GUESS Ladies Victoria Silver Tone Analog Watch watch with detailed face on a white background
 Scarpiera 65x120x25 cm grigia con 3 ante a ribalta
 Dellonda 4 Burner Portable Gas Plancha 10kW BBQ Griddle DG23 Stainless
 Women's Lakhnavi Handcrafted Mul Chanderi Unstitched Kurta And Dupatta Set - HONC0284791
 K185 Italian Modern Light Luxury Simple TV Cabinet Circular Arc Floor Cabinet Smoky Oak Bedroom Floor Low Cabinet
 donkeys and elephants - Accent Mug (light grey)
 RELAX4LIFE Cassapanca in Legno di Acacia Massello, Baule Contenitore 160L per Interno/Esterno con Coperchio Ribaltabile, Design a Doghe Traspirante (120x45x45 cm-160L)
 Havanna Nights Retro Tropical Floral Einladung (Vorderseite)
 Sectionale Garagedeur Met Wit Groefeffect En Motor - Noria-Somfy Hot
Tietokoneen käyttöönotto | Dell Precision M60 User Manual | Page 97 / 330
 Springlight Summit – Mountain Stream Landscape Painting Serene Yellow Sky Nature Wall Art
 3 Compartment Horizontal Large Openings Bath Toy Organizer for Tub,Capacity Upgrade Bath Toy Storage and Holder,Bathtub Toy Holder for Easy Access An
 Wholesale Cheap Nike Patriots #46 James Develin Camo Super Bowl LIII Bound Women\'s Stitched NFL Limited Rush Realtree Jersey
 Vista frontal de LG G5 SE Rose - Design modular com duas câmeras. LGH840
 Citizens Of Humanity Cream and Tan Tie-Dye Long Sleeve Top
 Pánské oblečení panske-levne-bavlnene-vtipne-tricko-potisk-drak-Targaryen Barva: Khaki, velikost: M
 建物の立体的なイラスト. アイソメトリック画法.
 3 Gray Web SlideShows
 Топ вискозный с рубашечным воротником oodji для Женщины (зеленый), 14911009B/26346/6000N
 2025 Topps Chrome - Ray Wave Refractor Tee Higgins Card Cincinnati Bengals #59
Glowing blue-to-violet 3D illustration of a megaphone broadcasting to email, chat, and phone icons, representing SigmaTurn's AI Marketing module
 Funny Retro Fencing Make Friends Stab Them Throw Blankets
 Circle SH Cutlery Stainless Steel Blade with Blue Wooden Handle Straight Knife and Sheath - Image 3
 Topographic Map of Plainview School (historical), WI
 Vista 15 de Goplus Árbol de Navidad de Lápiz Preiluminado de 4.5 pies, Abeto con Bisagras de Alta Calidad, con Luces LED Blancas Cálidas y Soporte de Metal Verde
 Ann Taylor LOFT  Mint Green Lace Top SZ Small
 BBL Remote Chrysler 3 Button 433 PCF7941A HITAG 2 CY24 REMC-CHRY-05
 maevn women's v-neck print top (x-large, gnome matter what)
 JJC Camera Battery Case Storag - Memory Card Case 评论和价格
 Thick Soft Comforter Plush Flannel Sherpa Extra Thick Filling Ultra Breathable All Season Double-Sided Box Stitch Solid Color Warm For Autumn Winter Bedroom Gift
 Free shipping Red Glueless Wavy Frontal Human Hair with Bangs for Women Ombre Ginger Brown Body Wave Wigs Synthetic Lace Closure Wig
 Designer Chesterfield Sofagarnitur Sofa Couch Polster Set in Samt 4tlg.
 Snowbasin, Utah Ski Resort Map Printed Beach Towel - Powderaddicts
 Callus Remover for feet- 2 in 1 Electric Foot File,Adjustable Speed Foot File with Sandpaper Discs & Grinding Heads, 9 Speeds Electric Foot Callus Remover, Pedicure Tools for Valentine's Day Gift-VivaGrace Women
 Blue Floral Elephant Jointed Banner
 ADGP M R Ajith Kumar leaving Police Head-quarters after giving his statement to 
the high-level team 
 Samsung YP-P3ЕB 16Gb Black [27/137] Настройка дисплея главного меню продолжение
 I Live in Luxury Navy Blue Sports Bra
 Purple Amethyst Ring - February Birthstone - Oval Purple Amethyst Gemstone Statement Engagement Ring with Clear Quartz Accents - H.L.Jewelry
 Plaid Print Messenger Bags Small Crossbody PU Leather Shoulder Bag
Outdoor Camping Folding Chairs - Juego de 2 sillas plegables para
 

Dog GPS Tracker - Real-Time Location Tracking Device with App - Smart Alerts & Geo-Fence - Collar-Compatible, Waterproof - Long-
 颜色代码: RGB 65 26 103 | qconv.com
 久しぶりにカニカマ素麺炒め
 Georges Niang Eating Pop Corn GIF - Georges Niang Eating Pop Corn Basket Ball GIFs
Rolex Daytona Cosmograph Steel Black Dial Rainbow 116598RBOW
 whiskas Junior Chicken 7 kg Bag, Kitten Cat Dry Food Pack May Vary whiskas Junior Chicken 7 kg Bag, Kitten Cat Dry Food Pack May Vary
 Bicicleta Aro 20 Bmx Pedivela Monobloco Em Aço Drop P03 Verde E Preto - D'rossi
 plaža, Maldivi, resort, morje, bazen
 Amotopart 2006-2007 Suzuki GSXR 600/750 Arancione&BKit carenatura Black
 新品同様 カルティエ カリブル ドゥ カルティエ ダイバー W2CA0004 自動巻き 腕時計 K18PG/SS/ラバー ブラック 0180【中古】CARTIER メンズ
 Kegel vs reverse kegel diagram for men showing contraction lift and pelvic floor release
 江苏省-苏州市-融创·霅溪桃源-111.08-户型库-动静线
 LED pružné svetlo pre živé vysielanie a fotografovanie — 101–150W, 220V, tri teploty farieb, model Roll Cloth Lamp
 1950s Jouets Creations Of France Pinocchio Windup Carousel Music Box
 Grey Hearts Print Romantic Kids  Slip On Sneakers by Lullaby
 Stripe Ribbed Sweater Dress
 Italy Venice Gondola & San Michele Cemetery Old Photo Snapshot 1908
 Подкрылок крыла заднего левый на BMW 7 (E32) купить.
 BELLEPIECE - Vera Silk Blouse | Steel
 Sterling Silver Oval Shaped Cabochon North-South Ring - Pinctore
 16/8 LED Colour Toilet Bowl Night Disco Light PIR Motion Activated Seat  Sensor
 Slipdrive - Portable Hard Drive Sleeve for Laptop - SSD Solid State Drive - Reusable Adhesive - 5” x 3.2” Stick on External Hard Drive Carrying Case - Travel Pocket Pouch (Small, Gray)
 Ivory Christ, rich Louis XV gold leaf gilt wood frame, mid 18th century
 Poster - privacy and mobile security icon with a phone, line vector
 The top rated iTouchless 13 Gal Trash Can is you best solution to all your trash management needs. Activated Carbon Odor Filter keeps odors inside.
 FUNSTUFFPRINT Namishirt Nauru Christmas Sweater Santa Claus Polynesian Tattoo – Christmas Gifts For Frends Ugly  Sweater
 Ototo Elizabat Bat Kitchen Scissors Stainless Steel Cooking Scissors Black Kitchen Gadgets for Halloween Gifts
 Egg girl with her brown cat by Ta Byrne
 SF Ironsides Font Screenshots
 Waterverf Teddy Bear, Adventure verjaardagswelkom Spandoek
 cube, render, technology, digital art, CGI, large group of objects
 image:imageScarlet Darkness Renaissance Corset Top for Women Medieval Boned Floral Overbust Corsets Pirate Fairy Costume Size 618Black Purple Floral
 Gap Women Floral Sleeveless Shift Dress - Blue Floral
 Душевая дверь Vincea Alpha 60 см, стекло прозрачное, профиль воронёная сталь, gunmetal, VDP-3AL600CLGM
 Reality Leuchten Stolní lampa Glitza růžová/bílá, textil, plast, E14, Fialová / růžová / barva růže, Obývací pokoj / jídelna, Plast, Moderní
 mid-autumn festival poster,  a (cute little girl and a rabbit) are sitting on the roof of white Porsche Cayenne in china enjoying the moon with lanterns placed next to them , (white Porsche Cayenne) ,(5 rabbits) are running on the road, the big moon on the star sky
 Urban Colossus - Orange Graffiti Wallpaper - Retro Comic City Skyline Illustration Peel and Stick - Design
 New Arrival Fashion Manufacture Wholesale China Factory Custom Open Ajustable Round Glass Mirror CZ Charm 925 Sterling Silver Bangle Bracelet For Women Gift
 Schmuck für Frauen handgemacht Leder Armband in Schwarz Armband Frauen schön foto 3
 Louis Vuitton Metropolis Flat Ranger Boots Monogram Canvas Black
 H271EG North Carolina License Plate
----
● **ASSIGNMENT**: What is needed is an exact copy of the lines from the start of the listing through the line where "2025 Topps Chrome" sits, please, both end lines included and nothing more.

● **REPLY**:
GUESS Ladies Victoria Silver Tone Analog Watch watch with detailed face on a white background
 Scarpiera 65x120x25 cm grigia con 3 ante a ribalta
 Dellonda 4 Burner Portable Gas Plancha 10kW BBQ Griddle DG23 Stainless
 Women's Lakhnavi Handcrafted Mul Chanderi Unstitched Kurta And Dupatta Set - HONC0284791
 K185 Italian Modern Light Luxury Simple TV Cabinet Circular Arc Floor Cabinet Smoky Oak Bedroom Floor Low Cabinet
 donkeys and elephants - Accent Mug (light grey)
 RELAX4LIFE Cassapanca in Legno di Acacia Massello, Baule Contenitore 160L per Interno/Esterno con Coperchio Ribaltabile, Design a Doghe Traspirante (120x45x45 cm-160L)
 Havanna Nights Retro Tropical Floral Einladung (Vorderseite)
 Sectionale Garagedeur Met Wit Groefeffect En Motor - Noria-Somfy Hot
Tietokoneen käyttöönotto | Dell Precision M60 User Manual | Page 97 / 330
 Springlight Summit – Mountain Stream Landscape Painting Serene Yellow Sky Nature Wall Art
 3 Compartment Horizontal Large Openings Bath Toy Organizer for Tub,Capacity Upgrade Bath Toy Storage and Holder,Bathtub Toy Holder for Easy Access An
 Wholesale Cheap Nike Patriots #46 James Develin Camo Super Bowl LIII Bound Women\'s Stitched NFL Limited Rush Realtree Jersey
 Vista frontal de LG G5 SE Rose - Design modular com duas câmeras. LGH840
 Citizens Of Humanity Cream and Tan Tie-Dye Long Sleeve Top
 Pánské oblečení panske-levne-bavlnene-vtipne-tricko-potisk-drak-Targaryen Barva: Khaki, velikost: M
 建物の立体的なイラスト. アイソメトリック画法.
 3 Gray Web SlideShows
 Топ вискозный с рубашечным воротником oodji для Женщины (зеленый), 14911009B/26346/6000N
 2025 Topps Chrome - Ray Wave Refractor Tee Higgins Card Cincinnati Bengals #59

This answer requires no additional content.